-OpEd-
PARIS — While leafing through the newspapers in an English pub last weekend, I was surprised to seeThe Sunday Times, hardly a tabloid, portraying the three fiercest Brexiters as "musketeers." A rather flattering image assuming Boris Johnson, Michael Gove and Jacob Rees-Mogg — the three men in question — are not offended by such a Gascon comparison.
Throughout the weekend, the musketeers worked hard to get the prime minister, Theresa May, to get more radical in her negotiation with the European Union, which she did as early as that Monday by renewing Britain's commitment to leave the customs union. The musketeers were able to push her, above all, because they are not alone. They can count on the support not only of the overwhelming majority of their party, but also of a large part of the public: Opinion polls generally show no regrets about the June 2016 referendum.
But why such relentlessness? Why risk unrest in Ireland, economic recession and international isolation to escape the unthreatening European Court of Justice? Why is nobody, starting with the Labour Party, opposing this madness now that the consequences — on aviation, the fishing industry, finance, universities — are becoming more apparent every day? How can this nation of shopkeepers refuse a union based on free trade?
English freedoms are an ability to withstand popular opinions.
I had to admit my intellectual defeat and put down my copy of The Sunday Times.

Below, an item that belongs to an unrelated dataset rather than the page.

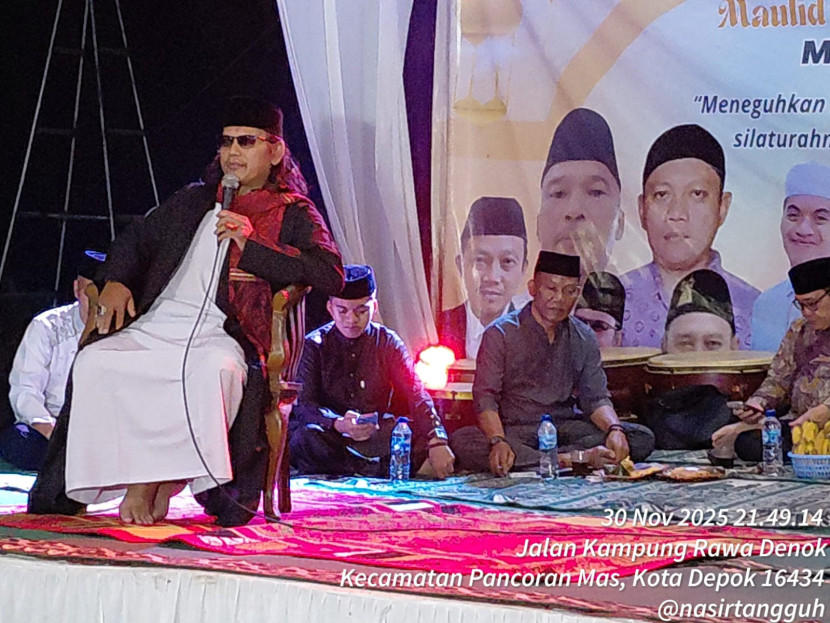 Ustadz Zainudin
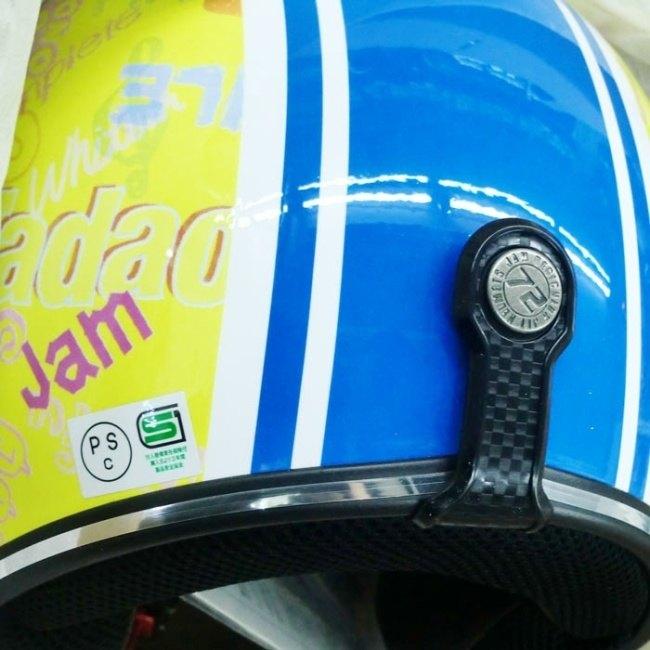 72JAM JET HELMET 72JAM 72ジャム SP忠男コラボレイトモデル ジェット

If I can't answer these questions, it's because they're not asked properly. If I persist like most continental commentators in finding the British attitude absurd, it's because I haven't understood it. So I immersed myself in André Maurois's A History of England, a perfect read for a rainy Sunday. In analyzing the Norman conquest — which the British will have the opportunity to meditate on now that we, the French, are lending them the Bayeux tapestry — Maurois reveals the key to the mystery. "The conquest became the starting point of English freedoms," he writes. Brexit, it appears, is its logical conclusion.
First and foremost, English freedoms are about respecting the vote. "Brexit means Brexit," as Theresa May put it, are not empty words. It means that the government should not cheat against a collective decision. Brexit just for show, effectively maintaining the United Kingdom under European rule, is unthinkable. This same conception of self-determination explains why Westminster conceded an independence referendum to Scotland, something our centralist French state — if we look at the government's attitude towards Corsica — would clearly be unable to do.
English freedoms are also about the attachment to a sovereignty that's based on the Parliament, whose central and undisputed role goes back at least to the days of Habeas Corpus. France, in contrast, kissed its sovereignty good-bye many times — handing it over to an emperor, a marshal or an all-powerful president. Little wonder that it's more comfortable transferring a good chunk of that independence to Brussels.
The British believe that democracy must remain representative, and the European Parliament, which doesn't even have the power to propose its own laws, cannot currently fulfill such a role. The success of Britain's backbenchers in their frenzied agitation is enough to demonstrate the influence that the people's representatives continue to exert on the composition and action of their government. The comparison with our French National Assembly is embarrassing.
English freedoms are, in the end, an ability to withstand popular opinions — the global doxa — regardless of how set-in-stone they appear. The hell with the experts from the Central Bank, the IMF and the Financial Times! Some matters of principle are more important than growth figures.
These fundamental elements of British identity have survived modernity and globalization. It's no coincidence that Darkest Hour, the current biopic on Churchill's rise to power in May 1940, is leading the British box office. A few adjustments with the facts notwithstanding, the film depicts the prime minister's refusal to allow any concession, and emphasizes the decisive function of the House of Commons, which has the last word on the destiny of the nation.
I am a committed European who is more sorry than ever about the outcome of the 2016 referendum. But I now see that the worst of Brexit is explained by Britain's best attributes, and that, paradoxically, in order to build the future of Europe, we would do well to draw inspiration from their conception of freedom.